● WHAT THE TASK ASKS
Return exactly the lines from the one containing "this 600×400 image." through the last line of the records below, both included, and leave out any pictures.

[Free-text object descriptions]
-.-.-

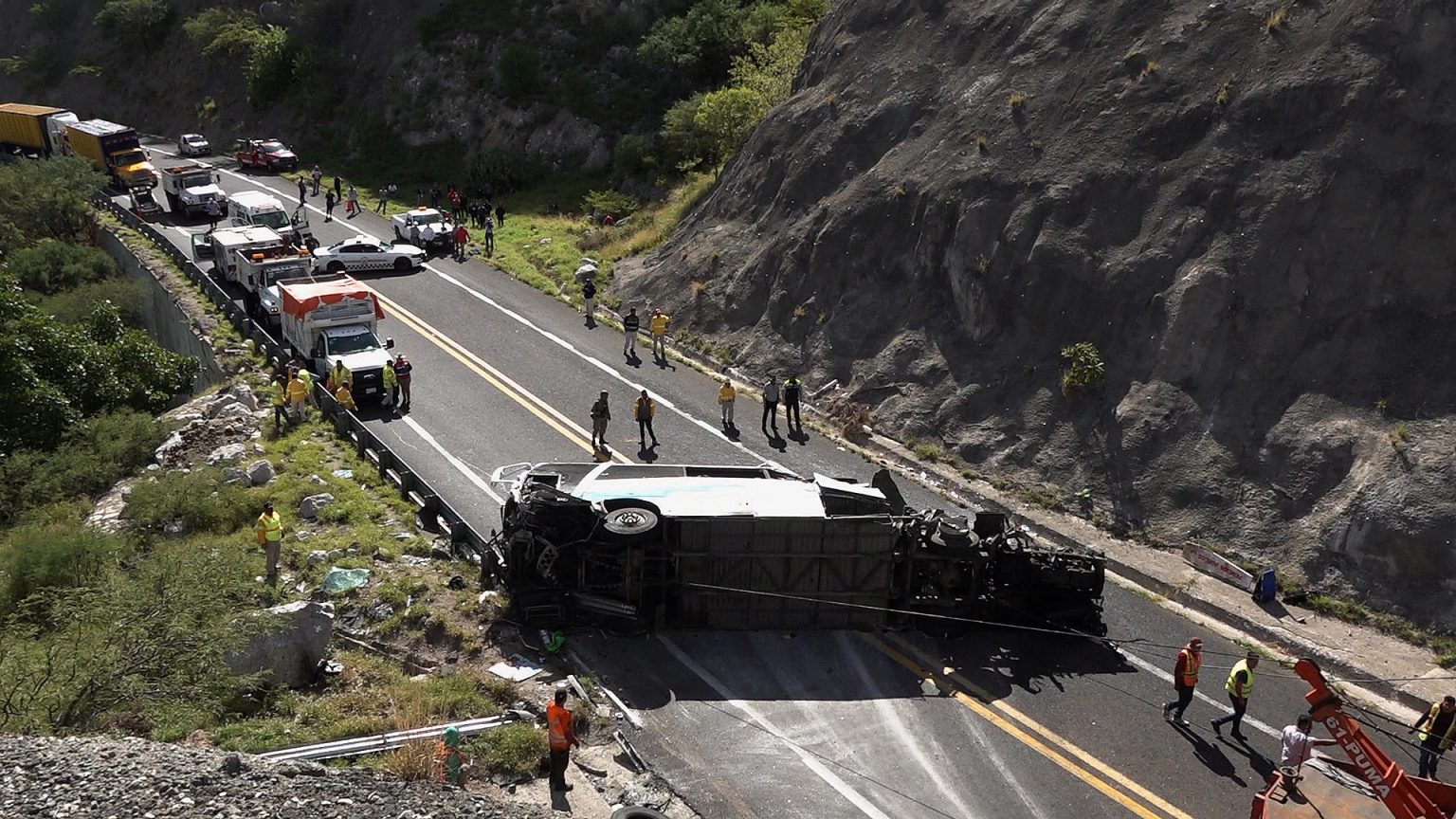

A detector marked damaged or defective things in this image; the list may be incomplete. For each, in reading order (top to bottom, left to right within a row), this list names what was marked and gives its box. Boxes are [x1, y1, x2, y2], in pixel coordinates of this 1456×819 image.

overturned bus [486, 460, 1101, 632]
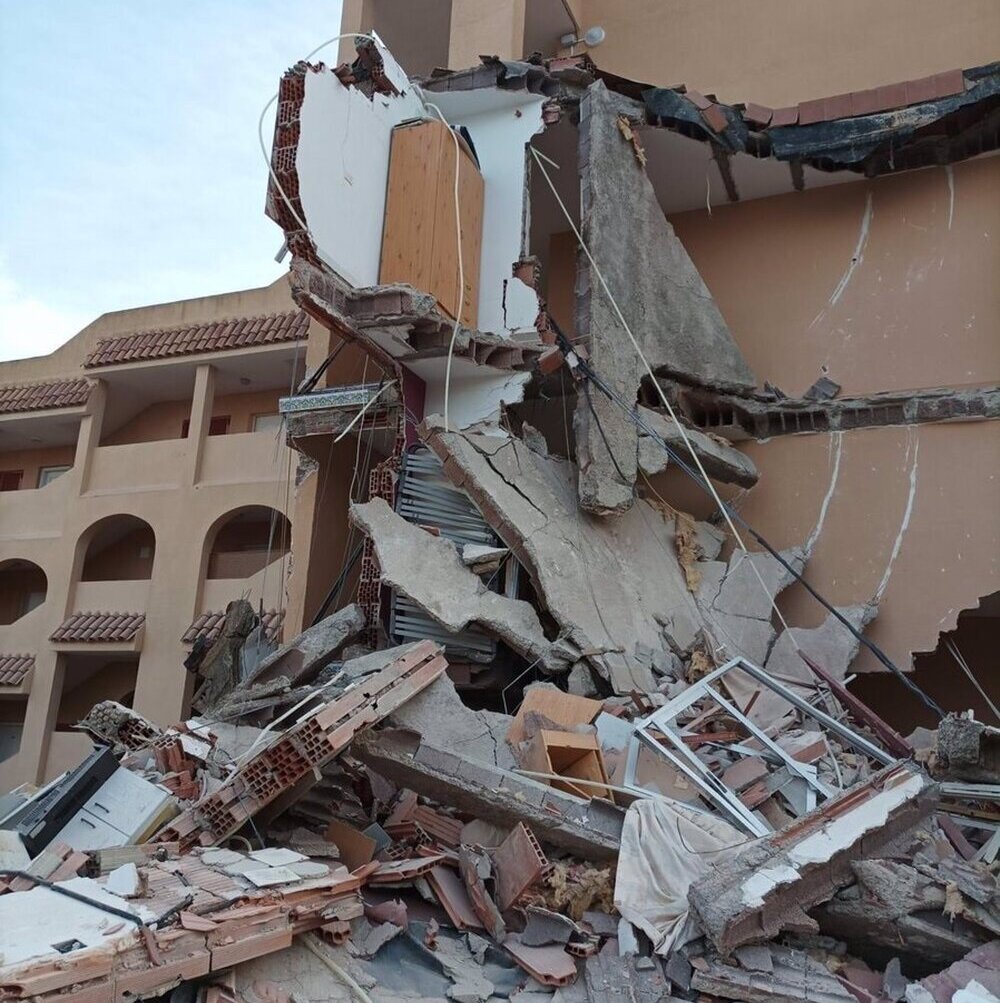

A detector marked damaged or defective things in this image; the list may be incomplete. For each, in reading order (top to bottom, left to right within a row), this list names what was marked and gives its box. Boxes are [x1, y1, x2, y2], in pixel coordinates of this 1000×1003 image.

cracked concrete [573, 81, 754, 513]
broken concrete beam [573, 82, 754, 513]
broken concrete beam [641, 405, 758, 487]
broken concrete beam [246, 601, 367, 690]
cracked concrete [349, 495, 561, 670]
broken concrete beam [351, 497, 565, 670]
broken concrete beam [425, 419, 714, 694]
broken concrete beam [349, 726, 617, 858]
broken concrete beam [686, 766, 934, 954]
broken concrete beam [930, 714, 998, 782]
broken concrete beam [690, 946, 854, 1003]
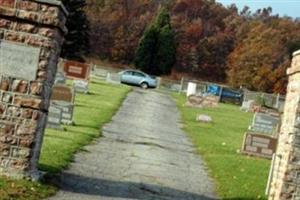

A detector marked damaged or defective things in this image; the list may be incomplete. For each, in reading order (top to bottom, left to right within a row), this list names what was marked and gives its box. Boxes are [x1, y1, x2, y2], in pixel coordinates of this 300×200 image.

cracked pavement [47, 89, 216, 200]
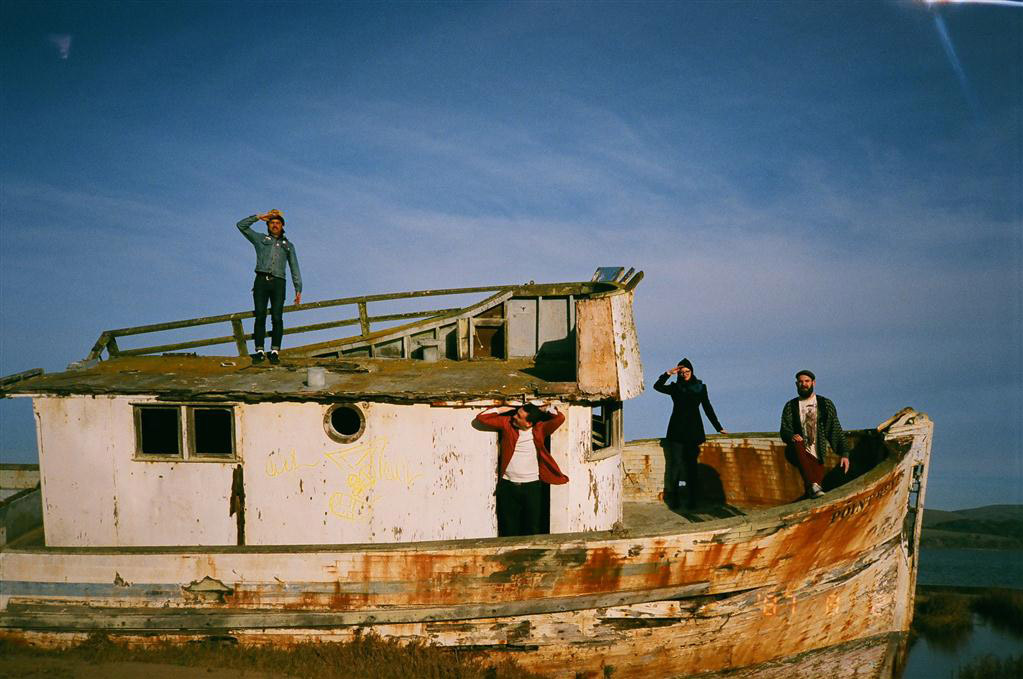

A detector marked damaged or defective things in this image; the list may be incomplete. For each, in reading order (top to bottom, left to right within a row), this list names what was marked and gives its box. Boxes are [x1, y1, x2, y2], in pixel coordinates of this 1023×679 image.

broken window [130, 402, 234, 462]
broken window [325, 402, 366, 445]
broken window [593, 400, 621, 458]
rusty boat hull [0, 409, 928, 679]
rusted metal surface [0, 411, 932, 674]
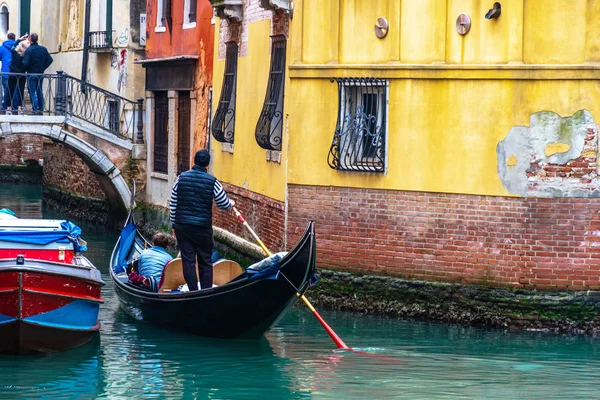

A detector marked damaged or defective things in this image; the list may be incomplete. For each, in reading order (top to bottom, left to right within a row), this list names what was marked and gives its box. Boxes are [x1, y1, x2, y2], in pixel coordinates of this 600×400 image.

peeling plaster [496, 110, 600, 198]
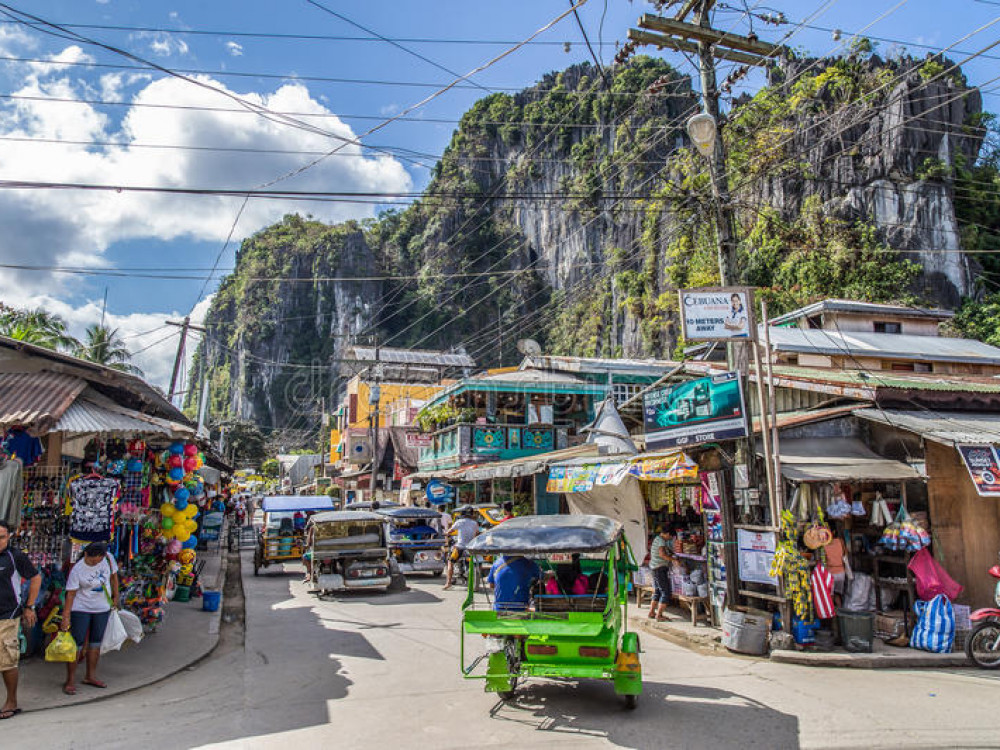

-.-.-

● RESPONSE AREA
A detector marked damaged or defective things in this image; the list may be incomplete. For each, in reading order (top to bottom, left to right within a row), this list names what was marked and gives its box. Boxes are [x1, y1, x2, y2], in pixel coordinates of this 600×400 image.

peeling plaster [496, 110, 600, 198]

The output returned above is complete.